Retype the full listing without altering anything.
### Dataset excerpts ###
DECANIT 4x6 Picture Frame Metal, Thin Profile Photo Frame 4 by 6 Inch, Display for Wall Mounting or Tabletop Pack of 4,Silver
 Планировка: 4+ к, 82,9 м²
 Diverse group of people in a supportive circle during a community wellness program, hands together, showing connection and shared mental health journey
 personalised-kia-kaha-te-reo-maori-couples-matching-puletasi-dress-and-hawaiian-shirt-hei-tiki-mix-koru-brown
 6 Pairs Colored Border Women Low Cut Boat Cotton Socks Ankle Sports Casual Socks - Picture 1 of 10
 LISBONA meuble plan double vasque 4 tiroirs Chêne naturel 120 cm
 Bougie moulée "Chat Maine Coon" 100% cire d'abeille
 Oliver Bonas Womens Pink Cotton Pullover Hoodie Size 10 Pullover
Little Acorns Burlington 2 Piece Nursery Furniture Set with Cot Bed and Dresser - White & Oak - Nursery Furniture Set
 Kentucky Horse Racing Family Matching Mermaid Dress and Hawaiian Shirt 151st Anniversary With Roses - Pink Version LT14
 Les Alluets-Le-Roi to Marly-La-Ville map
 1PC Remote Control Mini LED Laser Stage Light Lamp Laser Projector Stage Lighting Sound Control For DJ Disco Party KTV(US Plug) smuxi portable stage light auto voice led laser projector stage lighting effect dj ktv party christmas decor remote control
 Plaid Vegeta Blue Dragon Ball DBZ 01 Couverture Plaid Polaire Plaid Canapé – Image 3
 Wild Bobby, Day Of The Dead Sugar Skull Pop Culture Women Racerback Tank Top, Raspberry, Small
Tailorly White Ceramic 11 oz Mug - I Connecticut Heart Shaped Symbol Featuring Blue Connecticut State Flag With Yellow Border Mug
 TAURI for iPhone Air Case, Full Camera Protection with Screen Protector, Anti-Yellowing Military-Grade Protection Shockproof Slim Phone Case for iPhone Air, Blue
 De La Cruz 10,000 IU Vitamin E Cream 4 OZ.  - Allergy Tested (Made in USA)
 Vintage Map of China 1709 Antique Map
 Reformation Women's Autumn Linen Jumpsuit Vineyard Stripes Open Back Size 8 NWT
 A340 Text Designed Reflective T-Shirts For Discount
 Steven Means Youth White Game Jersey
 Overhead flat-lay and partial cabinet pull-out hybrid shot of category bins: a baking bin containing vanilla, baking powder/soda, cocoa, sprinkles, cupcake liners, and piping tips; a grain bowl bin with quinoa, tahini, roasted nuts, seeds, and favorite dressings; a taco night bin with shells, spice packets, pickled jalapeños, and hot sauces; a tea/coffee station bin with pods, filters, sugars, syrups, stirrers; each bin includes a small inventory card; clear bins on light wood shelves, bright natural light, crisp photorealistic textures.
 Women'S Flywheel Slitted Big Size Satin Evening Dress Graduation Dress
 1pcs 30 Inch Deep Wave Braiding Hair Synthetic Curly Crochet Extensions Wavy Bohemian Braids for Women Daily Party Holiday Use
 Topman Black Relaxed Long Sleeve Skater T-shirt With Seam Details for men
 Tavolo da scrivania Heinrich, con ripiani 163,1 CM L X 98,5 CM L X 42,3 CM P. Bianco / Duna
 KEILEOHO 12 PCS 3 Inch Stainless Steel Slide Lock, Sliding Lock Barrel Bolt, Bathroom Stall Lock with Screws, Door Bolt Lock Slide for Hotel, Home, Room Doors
###
Answer section:
DECANIT 4x6 Picture Frame Metal, Thin Profile Photo Frame 4 by 6 Inch, Display for Wall Mounting or Tabletop Pack of 4,Silver
 Планировка: 4+ к, 82,9 м²
 Diverse group of people in a supportive circle during a community wellness program, hands together, showing connection and shared mental health journey
 personalised-kia-kaha-te-reo-maori-couples-matching-puletasi-dress-and-hawaiian-shirt-hei-tiki-mix-koru-brown
 6 Pairs Colored Border Women Low Cut Boat Cotton Socks Ankle Sports Casual Socks - Picture 1 of 10
 LISBONA meuble plan double vasque 4 tiroirs Chêne naturel 120 cm
 Bougie moulée "Chat Maine Coon" 100% cire d'abeille
 Oliver Bonas Womens Pink Cotton Pullover Hoodie Size 10 Pullover
Little Acorns Burlington 2 Piece Nursery Furniture Set with Cot Bed and Dresser - White & Oak - Nursery Furniture Set
 Kentucky Horse Racing Family Matching Mermaid Dress and Hawaiian Shirt 151st Anniversary With Roses - Pink Version LT14
 Les Alluets-Le-Roi to Marly-La-Ville map
 1PC Remote Control Mini LED Laser Stage Light Lamp Laser Projector Stage Lighting Sound Control For DJ Disco Party KTV(US Plug) smuxi portable stage light auto voice led laser projector stage lighting effect dj ktv party christmas decor remote control
 Plaid Vegeta Blue Dragon Ball DBZ 01 Couverture Plaid Polaire Plaid Canapé – Image 3
 Wild Bobby, Day Of The Dead Sugar Skull Pop Culture Women Racerback Tank Top, Raspberry, Small
Tailorly White Ceramic 11 oz Mug - I Connecticut Heart Shaped Symbol Featuring Blue Connecticut State Flag With Yellow Border Mug
 TAURI for iPhone Air Case, Full Camera Protection with Screen Protector, Anti-Yellowing Military-Grade Protection Shockproof Slim Phone Case for iPhone Air, Blue
 De La Cruz 10,000 IU Vitamin E Cream 4 OZ.  - Allergy Tested (Made in USA)
 Vintage Map of China 1709 Antique Map
 Reformation Women's Autumn Linen Jumpsuit Vineyard Stripes Open Back Size 8 NWT
 A340 Text Designed Reflective T-Shirts For Discount
 Steven Means Youth White Game Jersey
 Overhead flat-lay and partial cabinet pull-out hybrid shot of category bins: a baking bin containing vanilla, baking powder/soda, cocoa, sprinkles, cupcake liners, and piping tips; a grain bowl bin with quinoa, tahini, roasted nuts, seeds, and favorite dressings; a taco night bin with shells, spice packets, pickled jalapeños, and hot sauces; a tea/coffee station bin with pods, filters, sugars, syrups, stirrers; each bin includes a small inventory card; clear bins on light wood shelves, bright natural light, crisp photorealistic textures.
 Women'S Flywheel Slitted Big Size Satin Evening Dress Graduation Dress
 1pcs 30 Inch Deep Wave Braiding Hair Synthetic Curly Crochet Extensions Wavy Bohemian Braids for Women Daily Party Holiday Use
 Topman Black Relaxed Long Sleeve Skater T-shirt With Seam Details for men
 Tavolo da scrivania Heinrich, con ripiani 163,1 CM L X 98,5 CM L X 42,3 CM P. Bianco / Duna
 KEILEOHO 12 PCS 3 Inch Stainless Steel Slide Lock, Sliding Lock Barrel Bolt, Bathroom Stall Lock with Screws, Door Bolt Lock Slide for Hotel, Home, Room Doors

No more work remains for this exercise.